- [PROBLEM TO SOLVE]
Start at the line below containing "Set of 7 cute" and stop at the line containing "a swimming pool". Repeat every line of that stretch exactly, and nothing outside it.

____________________

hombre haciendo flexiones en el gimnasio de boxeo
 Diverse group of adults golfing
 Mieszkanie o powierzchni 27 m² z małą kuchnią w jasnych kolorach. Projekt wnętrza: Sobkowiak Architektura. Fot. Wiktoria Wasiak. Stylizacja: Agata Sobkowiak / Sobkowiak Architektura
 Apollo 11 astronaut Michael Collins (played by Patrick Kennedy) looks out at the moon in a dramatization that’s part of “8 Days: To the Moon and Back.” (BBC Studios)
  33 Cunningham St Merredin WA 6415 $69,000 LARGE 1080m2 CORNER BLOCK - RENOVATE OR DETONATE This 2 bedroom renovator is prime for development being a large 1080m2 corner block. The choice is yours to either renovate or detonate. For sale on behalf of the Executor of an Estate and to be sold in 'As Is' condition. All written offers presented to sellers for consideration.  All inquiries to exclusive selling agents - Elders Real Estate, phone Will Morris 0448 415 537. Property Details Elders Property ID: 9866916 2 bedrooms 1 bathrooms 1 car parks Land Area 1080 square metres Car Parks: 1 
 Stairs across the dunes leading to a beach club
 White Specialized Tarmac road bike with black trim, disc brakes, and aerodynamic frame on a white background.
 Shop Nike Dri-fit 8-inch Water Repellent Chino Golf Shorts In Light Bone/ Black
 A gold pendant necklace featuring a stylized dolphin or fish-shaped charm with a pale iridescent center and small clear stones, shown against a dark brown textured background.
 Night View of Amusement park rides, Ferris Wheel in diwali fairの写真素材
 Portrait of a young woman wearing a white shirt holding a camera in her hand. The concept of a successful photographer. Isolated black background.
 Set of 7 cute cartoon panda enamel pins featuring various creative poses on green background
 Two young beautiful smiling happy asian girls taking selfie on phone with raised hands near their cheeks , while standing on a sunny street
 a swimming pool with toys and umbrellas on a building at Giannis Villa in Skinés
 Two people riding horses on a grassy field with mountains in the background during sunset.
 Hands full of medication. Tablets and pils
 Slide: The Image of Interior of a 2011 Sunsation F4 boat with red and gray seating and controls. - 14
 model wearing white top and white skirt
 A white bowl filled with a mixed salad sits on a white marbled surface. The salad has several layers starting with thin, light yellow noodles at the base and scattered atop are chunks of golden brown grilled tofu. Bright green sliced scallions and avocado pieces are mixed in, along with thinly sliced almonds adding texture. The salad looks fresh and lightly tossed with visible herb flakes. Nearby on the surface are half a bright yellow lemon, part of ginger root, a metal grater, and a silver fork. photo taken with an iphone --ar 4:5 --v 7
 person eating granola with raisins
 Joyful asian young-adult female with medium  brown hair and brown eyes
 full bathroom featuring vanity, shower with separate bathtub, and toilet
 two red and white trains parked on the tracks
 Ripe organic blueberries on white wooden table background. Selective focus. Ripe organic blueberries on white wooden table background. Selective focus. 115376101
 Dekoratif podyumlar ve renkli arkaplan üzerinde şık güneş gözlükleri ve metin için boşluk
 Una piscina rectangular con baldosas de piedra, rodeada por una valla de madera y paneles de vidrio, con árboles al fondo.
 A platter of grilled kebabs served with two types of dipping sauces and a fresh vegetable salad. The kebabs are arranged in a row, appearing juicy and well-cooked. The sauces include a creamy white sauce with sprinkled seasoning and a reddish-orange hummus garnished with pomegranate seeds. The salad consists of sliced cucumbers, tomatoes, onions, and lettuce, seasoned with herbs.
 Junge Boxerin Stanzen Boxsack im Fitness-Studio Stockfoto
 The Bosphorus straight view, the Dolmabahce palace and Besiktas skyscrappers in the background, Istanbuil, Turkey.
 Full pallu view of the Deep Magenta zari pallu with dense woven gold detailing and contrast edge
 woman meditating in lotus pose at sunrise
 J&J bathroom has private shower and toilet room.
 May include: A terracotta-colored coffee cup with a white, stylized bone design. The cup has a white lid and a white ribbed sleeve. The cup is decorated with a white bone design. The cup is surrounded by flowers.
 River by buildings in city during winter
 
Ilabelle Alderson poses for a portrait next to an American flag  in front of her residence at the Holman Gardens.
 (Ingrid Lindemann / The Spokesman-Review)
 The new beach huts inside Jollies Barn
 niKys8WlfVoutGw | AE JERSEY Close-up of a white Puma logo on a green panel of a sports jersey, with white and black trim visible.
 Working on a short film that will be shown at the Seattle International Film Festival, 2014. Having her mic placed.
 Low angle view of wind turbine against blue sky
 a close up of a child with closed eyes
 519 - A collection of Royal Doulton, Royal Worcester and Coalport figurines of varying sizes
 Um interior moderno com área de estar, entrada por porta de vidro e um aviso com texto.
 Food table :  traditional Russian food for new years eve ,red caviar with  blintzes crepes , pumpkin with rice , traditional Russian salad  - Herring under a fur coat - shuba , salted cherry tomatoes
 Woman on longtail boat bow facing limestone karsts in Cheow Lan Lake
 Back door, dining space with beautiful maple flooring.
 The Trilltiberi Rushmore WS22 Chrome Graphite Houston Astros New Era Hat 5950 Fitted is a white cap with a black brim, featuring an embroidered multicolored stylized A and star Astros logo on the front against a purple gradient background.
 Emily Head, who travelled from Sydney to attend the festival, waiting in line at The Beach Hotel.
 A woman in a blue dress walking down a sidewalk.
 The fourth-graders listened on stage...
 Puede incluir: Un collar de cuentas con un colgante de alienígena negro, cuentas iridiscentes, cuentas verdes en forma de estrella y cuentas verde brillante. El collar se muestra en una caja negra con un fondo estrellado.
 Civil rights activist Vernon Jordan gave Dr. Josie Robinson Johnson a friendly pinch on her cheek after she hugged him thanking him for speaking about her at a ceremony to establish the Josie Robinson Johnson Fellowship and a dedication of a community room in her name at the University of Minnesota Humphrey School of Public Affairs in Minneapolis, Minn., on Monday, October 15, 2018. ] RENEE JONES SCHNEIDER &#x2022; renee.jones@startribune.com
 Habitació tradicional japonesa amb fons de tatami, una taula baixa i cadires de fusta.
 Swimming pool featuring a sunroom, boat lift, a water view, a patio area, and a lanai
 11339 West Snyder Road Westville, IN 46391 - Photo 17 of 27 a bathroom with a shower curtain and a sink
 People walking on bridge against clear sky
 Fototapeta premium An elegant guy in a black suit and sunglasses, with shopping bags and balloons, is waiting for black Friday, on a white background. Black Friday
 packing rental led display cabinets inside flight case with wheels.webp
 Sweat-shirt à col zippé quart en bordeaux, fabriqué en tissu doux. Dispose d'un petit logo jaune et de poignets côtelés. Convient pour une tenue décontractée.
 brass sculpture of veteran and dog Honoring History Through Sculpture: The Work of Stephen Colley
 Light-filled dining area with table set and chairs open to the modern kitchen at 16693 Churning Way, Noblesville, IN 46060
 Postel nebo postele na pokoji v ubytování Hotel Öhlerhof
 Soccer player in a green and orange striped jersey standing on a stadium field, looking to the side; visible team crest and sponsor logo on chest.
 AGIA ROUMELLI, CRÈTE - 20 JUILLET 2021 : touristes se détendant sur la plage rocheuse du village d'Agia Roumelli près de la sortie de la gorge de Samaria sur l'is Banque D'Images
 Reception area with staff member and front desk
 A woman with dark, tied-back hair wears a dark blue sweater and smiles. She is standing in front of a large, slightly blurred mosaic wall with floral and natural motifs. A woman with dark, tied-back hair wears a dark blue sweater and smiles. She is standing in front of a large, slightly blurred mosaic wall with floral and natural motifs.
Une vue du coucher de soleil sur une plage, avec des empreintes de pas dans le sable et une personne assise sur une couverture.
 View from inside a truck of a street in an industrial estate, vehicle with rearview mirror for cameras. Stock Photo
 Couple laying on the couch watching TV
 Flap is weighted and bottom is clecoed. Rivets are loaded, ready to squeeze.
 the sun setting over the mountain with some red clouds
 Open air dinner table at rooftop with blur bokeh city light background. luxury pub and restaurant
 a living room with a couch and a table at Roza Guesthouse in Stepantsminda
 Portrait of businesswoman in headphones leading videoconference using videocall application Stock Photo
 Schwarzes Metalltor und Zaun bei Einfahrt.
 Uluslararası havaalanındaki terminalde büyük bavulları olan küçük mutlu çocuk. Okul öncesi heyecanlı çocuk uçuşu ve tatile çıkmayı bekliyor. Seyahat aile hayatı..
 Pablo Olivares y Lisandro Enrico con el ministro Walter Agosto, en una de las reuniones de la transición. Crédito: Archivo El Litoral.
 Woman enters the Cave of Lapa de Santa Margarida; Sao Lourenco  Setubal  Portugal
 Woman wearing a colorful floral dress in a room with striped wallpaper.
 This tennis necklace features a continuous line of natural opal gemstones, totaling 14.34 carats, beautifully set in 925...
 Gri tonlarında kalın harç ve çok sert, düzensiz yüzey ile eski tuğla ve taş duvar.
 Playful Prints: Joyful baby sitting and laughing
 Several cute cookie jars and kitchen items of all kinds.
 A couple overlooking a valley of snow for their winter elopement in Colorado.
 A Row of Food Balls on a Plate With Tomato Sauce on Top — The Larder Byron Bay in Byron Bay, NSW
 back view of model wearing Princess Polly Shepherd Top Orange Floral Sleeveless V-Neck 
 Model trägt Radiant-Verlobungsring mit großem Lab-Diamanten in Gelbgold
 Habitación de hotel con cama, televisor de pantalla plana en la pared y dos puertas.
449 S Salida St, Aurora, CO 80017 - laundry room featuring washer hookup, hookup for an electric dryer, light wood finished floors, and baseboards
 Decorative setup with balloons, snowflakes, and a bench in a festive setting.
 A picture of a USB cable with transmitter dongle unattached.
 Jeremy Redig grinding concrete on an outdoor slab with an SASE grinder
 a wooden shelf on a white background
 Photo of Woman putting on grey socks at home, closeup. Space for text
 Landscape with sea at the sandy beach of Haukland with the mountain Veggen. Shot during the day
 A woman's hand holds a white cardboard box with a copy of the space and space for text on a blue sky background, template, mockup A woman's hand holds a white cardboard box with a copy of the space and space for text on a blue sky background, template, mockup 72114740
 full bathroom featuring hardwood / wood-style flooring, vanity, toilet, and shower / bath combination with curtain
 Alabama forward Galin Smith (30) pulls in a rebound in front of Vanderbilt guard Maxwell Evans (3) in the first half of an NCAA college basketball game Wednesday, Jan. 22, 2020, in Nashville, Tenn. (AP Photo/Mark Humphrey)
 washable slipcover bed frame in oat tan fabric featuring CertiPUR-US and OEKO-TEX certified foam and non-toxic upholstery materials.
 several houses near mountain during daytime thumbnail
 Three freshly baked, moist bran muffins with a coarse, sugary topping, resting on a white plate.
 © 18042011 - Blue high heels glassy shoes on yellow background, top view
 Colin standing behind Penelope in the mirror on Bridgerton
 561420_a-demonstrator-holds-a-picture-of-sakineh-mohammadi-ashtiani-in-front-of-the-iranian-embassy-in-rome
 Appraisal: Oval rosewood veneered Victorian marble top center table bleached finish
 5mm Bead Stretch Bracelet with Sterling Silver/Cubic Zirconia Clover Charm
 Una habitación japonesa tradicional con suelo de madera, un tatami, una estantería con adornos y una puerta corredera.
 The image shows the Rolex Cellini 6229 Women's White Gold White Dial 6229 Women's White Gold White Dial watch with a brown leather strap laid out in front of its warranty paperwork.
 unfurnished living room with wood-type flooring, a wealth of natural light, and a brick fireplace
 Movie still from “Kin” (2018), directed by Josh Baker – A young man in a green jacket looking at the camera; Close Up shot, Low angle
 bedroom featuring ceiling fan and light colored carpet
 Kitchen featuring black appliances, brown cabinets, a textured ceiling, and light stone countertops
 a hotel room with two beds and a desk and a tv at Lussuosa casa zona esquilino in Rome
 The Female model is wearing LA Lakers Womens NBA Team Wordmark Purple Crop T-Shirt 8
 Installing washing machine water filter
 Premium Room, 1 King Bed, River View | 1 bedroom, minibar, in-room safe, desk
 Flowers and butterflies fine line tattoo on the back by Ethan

____________________

- [WRITTEN ANSWER]
 Set of 7 cute cartoon panda enamel pins featuring various creative poses on green background
 Two young beautiful smiling happy asian girls taking selfie on phone with raised hands near their cheeks , while standing on a sunny street
 a swimming pool with toys and umbrellas on a building at Giannis Villa in Skinés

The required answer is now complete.